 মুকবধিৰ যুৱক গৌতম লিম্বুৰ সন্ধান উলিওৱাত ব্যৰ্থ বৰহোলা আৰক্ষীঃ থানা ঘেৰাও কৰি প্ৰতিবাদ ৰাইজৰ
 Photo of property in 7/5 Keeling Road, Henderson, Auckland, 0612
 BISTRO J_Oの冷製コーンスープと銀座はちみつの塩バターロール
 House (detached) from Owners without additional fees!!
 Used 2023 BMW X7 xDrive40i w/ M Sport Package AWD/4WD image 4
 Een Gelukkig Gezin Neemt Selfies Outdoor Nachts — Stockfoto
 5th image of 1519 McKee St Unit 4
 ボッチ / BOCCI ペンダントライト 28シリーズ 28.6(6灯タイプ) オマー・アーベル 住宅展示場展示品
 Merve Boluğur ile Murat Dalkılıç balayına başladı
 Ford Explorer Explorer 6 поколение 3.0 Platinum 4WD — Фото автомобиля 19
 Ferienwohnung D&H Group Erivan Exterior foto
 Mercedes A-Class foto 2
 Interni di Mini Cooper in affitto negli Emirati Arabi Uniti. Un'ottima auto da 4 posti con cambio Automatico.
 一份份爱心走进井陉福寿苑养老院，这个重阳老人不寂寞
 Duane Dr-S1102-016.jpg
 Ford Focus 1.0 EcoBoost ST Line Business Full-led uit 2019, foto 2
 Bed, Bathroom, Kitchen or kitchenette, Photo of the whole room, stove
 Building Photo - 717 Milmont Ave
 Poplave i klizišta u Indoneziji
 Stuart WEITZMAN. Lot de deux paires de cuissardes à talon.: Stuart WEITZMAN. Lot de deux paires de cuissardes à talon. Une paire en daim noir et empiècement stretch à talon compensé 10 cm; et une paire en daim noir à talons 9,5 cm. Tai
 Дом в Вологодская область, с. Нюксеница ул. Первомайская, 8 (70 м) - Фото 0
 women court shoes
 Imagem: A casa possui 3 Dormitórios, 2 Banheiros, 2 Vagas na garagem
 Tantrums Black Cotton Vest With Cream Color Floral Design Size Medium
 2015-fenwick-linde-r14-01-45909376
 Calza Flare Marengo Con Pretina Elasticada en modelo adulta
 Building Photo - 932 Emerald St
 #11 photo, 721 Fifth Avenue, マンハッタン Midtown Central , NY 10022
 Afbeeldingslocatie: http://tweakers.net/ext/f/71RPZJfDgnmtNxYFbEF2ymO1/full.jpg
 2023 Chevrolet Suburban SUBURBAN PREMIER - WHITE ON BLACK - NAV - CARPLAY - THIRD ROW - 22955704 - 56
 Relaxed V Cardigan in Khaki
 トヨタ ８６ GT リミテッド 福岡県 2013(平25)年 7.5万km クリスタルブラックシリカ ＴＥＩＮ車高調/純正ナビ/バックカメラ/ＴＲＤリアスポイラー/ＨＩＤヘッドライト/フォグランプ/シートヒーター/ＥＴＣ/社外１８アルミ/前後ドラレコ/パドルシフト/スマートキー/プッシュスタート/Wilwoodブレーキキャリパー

- - -

**Exercise details**
Output exactly the lines from the one containing "Tantrums Black Cotton" through the last line of the entries, both ends included.

**Completed task**
 Tantrums Black Cotton Vest With Cream Color Floral Design Size Medium
 2015-fenwick-linde-r14-01-45909376
 Calza Flare Marengo Con Pretina Elasticada en modelo adulta
 Building Photo - 932 Emerald St
 #11 photo, 721 Fifth Avenue, マンハッタン Midtown Central , NY 10022
 Afbeeldingslocatie: http://tweakers.net/ext/f/71RPZJfDgnmtNxYFbEF2ymO1/full.jpg
 2023 Chevrolet Suburban SUBURBAN PREMIER - WHITE ON BLACK - NAV - CARPLAY - THIRD ROW - 22955704 - 56
 Relaxed V Cardigan in Khaki
 トヨタ ８６ GT リミテッド 福岡県 2013(平25)年 7.5万km クリスタルブラックシリカ ＴＥＩＮ車高調/純正ナビ/バックカメラ/ＴＲＤリアスポイラー/ＨＩＤヘッドライト/フォグランプ/シートヒーター/ＥＴＣ/社外１８アルミ/前後ドラレコ/パドルシフト/スマートキー/プッシュスタート/Wilwoodブレーキキャリパー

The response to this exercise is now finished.